The FTC alleged that had the monitoring tool been working, this breach would have been caught. But since it wasn’t working, the FTC alleged that ChoicePoint’s conduct violated the 2006 court order described above. This time, The FTC fined ChoicePoint $275,000 has required them to file a report with the FTC every two months for two years, including detailed information about how it is protecting the breached database and certain other databases and records containing personal information.

Personally, I fail to see why a second breach of confidential information cost the company much less than the first breach. I used to think that the penalties were more severe for a second offense. I guess that’s why I’m not a lawyer.

And What Did We Learn From This?

Like many of the incidents that I write about, this one too is a teachable moment.

First of all, does your company have an information security policy? If you do, how do you ensure that the policy is being enforced? One way to ensure policy enforcement is through logging, and mining the logs looking for errors, omissions, and purposeful violations. Apparently, ChoicePoint either wasn’t logging the status of their database monitoring tool, or they weren’t evaluating the logs which caught that the tool was turned off.

There are a number of companies selling logging solutions that will not only aggregate logs from your various systems, routers, remote access points, and applications, but can mine your logs to search for policy violations. You see, by understanding detailed log event data that IT systems produce, your organization can better manage, investigate, and protect your systems.

Not only can you drill down on individual events within the log, but because the system can correlate and analyze data such as system and application log files, database event records, and operating system event logs, you can trace a violation from the entry point to its destination and discover where your vulnerabilities lie.

The Log Warehouse

Log Warehouse

One such solution is the Sensage Log Warehouse (pictured), which is also OEM’d by HP. Similar in function to devices from other manufacturers, the appliance plus associated software saves time and money.
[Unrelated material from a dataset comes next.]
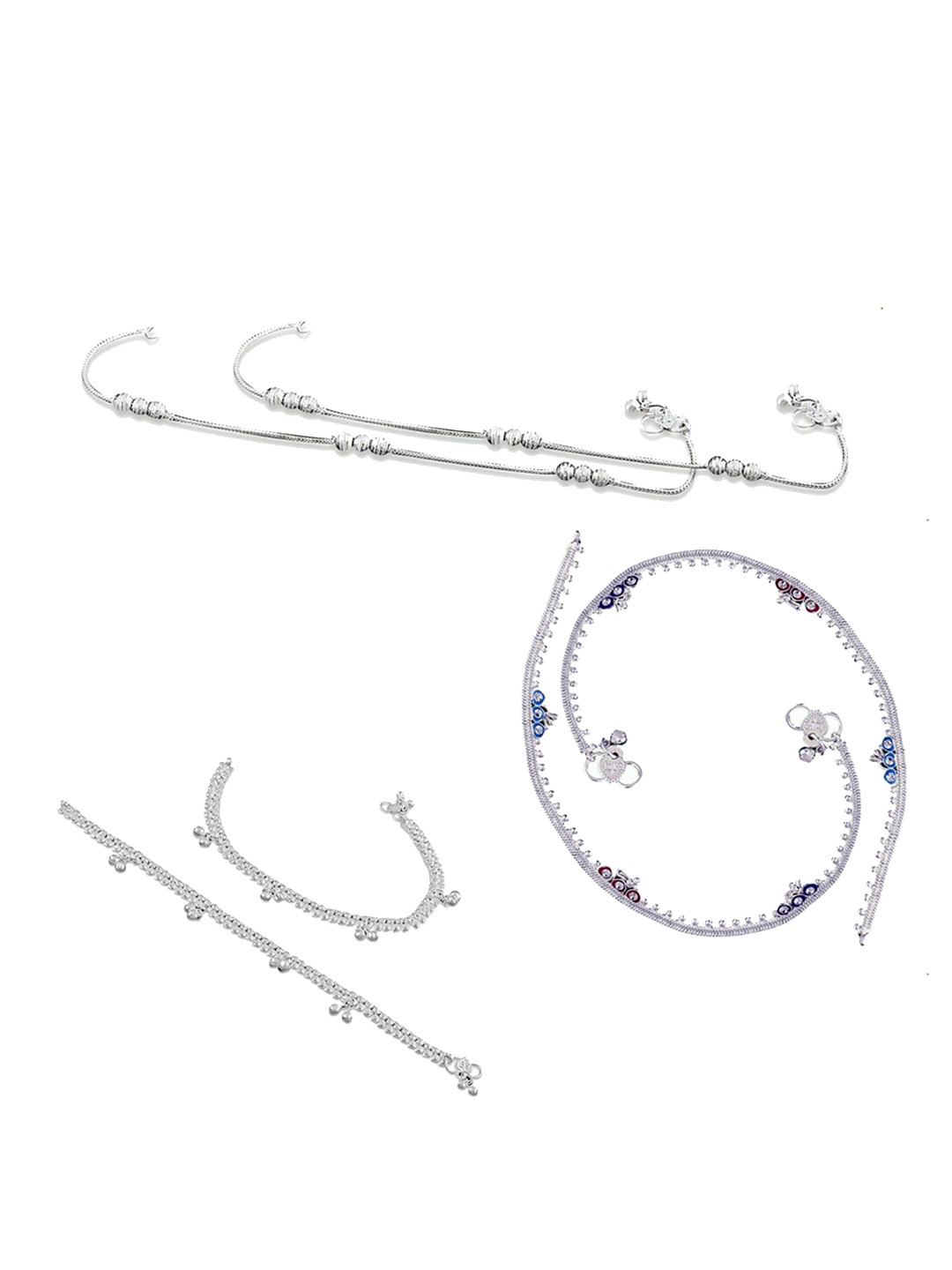 RUHI COLLECTION Set Of 3 Silver-Plated Bridal Beaded Anklets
Since it uses specialized hardware, it can store logs up to 40 times more efficiently than the relational databases used by other logging solutions.

Many companies which sell logging solutions also supply custom software that offer standard reports for Payment Card Industry (PCI), Data Security Standard (DSS) and other compliance mandates (SOX, HIPAA, FISMA, NISPOM and others without custom programming.

Would a logging solution have helped ChoicePoint? It very well might have if it were properly configured and monitored. Can a logging device help your organization? Probably yes, if you are subject regulatory requirements that require auditing and reporting.

A logging solution is also valuable for non-repudiation of documents during e-discovery so that you can prove who had access to which documents at what time, when they were changed, and by whom, and whether or not required documents were purged.

In short, a logging solution can be the answer to many security and compliance problems that your organization may face now and in the future. This might be a good time to do a bit of research or attend one of the many webinars being offered by vendors in this space.

The Last Word

If all else fails, you may want to think about encrypting your data so that if it does get out, at least it’s useless. I have covered this topic in an article to be published in the November / December issue of The Connection which will be posted on my Portfolio page after the magazine hits the streets.